* [TASK DETAILS]:
Output all of the lines below exactly, and leave out each image.

* [GIVEN INFORMATION]:
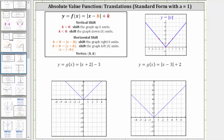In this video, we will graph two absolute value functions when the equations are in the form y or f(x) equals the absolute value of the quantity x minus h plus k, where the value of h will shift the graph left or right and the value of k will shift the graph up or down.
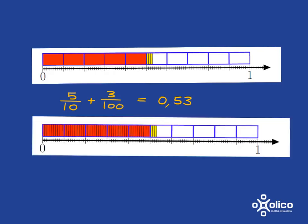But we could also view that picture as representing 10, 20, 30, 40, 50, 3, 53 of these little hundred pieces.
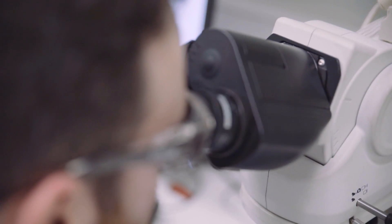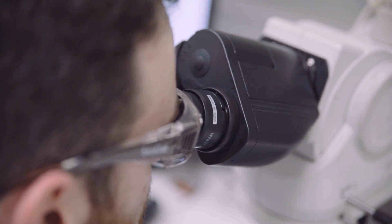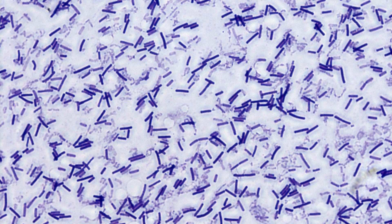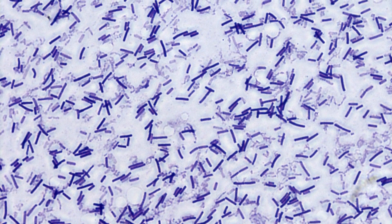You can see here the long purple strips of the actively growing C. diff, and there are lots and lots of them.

* [COMPLETED EXERCISE]:
In this video, we will graph two absolute value functions when the equations are in the form y or f(x) equals the absolute value of the quantity x minus h plus k, where the value of h will shift the graph left or right and the value of k will shift the graph up or down.
But we could also view that picture as representing 10, 20, 30, 40, 50, 3, 53 of these little hundred pieces.
You can see here the long purple strips of the actively growing C. diff, and there are lots and lots of them.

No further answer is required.